Got into a dispute with someone who thinks on an incomplete/botched food order delivered or or in a restaurant you should be able to eat what you want out of that order before it is taken back/returned. If the establishment owner wants it back but will replace or redo the order I don't have a problem with that, waiting for the correct order. 

The establishment in question it is known to take their food back on everything including a delivered order. This customer says screw them, they botched it, I'm hungry and they SHOULD bring another one. Myself and others think if you start eating they might interpret that as a scam to get an extra order or not pay the bill. Along with running the risk of spit or floor dirt on the next order.
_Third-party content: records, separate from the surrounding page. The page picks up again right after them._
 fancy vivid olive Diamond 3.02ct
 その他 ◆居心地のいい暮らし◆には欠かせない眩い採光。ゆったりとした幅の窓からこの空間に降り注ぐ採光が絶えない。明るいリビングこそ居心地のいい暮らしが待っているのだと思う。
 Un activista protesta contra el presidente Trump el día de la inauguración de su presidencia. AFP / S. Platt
This is a small but well known food establishment in the area.

Incomplete orders, start eating or wait for complete correct order?


----------



## Falcon (Jan 11, 2016)

I would hesitate to send ANYTHING back.  The chefs don't like that.  As you say, they'd probably spit into it and then send it back to you.

I once ordered food to go in a Chinese take-out.  There was a window in the kitchen door.  I watched while a big fat Chinese chef stirred the pot; picked up the
ladle, took a sip and then continued to stir.
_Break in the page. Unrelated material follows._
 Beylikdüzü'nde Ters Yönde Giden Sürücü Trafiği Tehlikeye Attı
I walked out and never returned.

Ya just have to take your chances in restaurants.  Or else eat at home.


----------



## applecruncher (Jan 11, 2016)

If I’m sitting in a restaurant and the order is incomplete, I ask for the missing item and start eating.
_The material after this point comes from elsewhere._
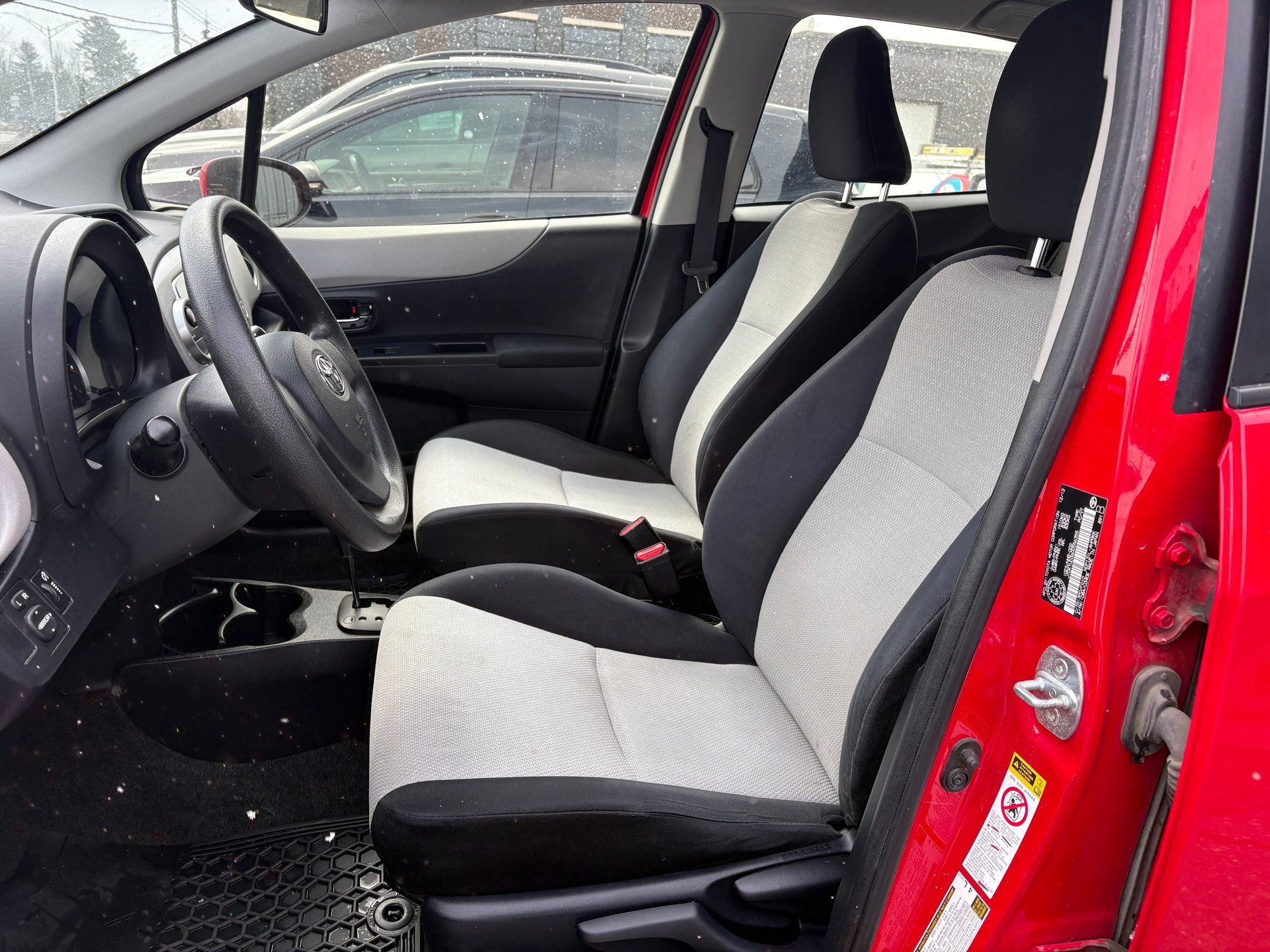 Toyota Yaris 2013 - Thumbnail 6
On a delivery order, if it’s incorrect or very late, I say “forget it” and fix something from my kitchen.

Once I had friends over and we got a really messed up order delivered. We didn’t accept anything. Someone went out to get some fast food because we were hungry and tired of waiting.

But I’ve heard horror stories about employees getting mad and contaminating food.


----------



## jujube (Jan 11, 2016)

I would prefer not to know what goes on in restaurant kitchens.  I'm sure if I did, I'd never eat out again.


----------



## WhatInThe (Jan 11, 2016)

applecruncher said:


> If I’m sitting in a restaurant and the order is incomplete, I ask for the missing item and start eating.
> 
> On a delivery order, if it’s incorrect or very late, I say “forget it” and fix something from my kitchen.
> 
> ...



My thoughts exactly. But some who get a few drinks in them, are dressed up all of the sudden become a crusader. This person works for a big national corporation where they can afford to settle customer service issues without hesitation. Small businesses not so easy. To make matters worse they want to continue to order there. They were warned.


----------



## SeaBreeze (Jan 11, 2016)

Like AC, if I'm in a restaurant, I'll point out what's missing to the waiter and start to eat what's there while they bring me the missing item.  Once, when we received a Chinese food order at home from a really good restaurant we always get delivery from, I called them right away to tell them the entree that was missing.  They sent a guy out immediately with the missing item and delivered it minutes later with apology.


----------



## Karen99 (Jan 11, 2016)

My husband and I went out to a rather nice restaurant last weekend.  I saw something I'd never seen before.  This older couple came in and wanted to sit at this table that still had a lot of uneaten food on it...this was very close to our table.  They walked over and asked them if the people were gone.  I said well yes..I think so.  They said well there's plenty of food left..and sat down and started eating shrimp, bread..other things.  I mean, this couple was in their 70s at least.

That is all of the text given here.